We’ve got two people sitting on the Supreme Court who have been credibly accused of sexual misconduct. In the House and the Senate, we’ve had rules to address sexual misconduct, but in 2018 we realized that many of those rules basically covered up for abusive behavior. On August 26, there was a lawsuit filed by two dozen current and former federal-court workers [claiming that] the judiciary was not doing enough to handle bias and harassment complaints. So that’s the first thing I want—a President to actually see the totality of this, even just in their own government. But also to see what’s going on in our workforce and realize it’s costing us economically, and [to see] what happens when something like Covid strikes and the amount of intimate-partner violence spikes. There are certain families that are one catastrophe away from being unsafe.
I would like to see better measurement. Senators Dianne Feinstein, Patty Murray, Elizabeth Warren, and Kirsten Gillibrand wrote to the Government Accountability Office asking for figures on the cost of sexual harassment in the workforce. And the way I read the response was that we don’t have that information. Well, we should have it. You measure what you care about, and you can’t fix what you haven’t measured.

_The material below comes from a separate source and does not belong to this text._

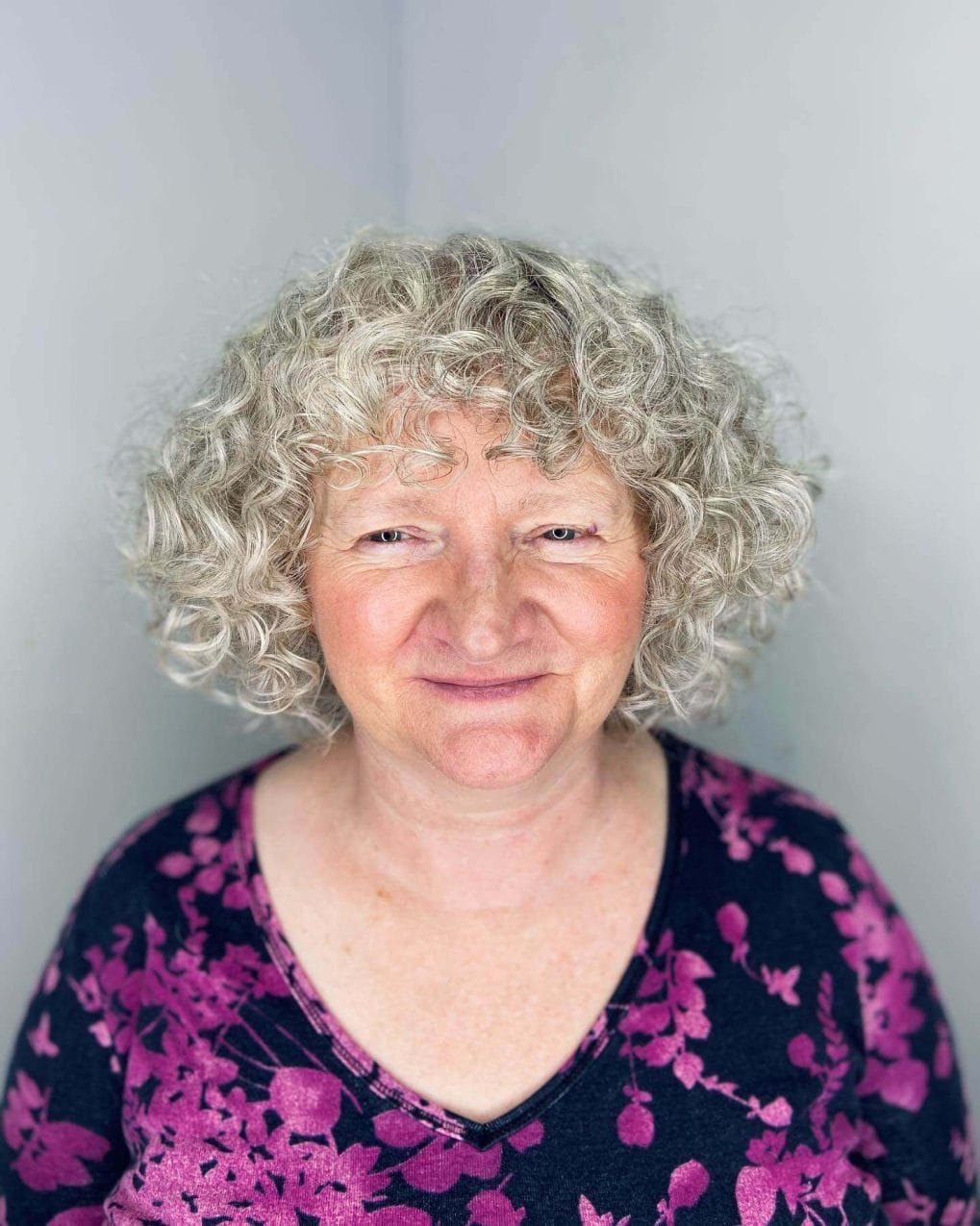 Short curly bob with ash blonde ringlets and soft, wispy bangs covering the forehead.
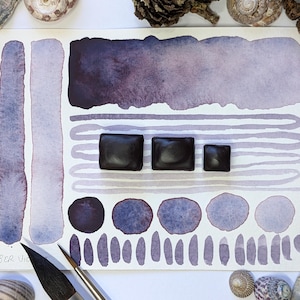 May include: Watercolour swatch card in shades of purple and lavender. The card displays brush stroke samples, geometric shapes, and three dark square objects. The artist's name, Camber Vic, is visible in the bottom left corner.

We need to have agencies with specific policies that are intentionally and deliberately meant to address victims of violence, and the Violence Against Women Act needs to become more than it is. The idea that the federal government has a role to play in protecting women from violence needs to be affirmed in the law. One out of four of our daughters, sisters, and nieces heading to college will be sexually assaulted or harassed in their first or second year. Half of all working women will experience sexual harassment in the course of their working lives. Add that to the unknown number of children who are going to be bullied or harassed. We have a lot of work to do.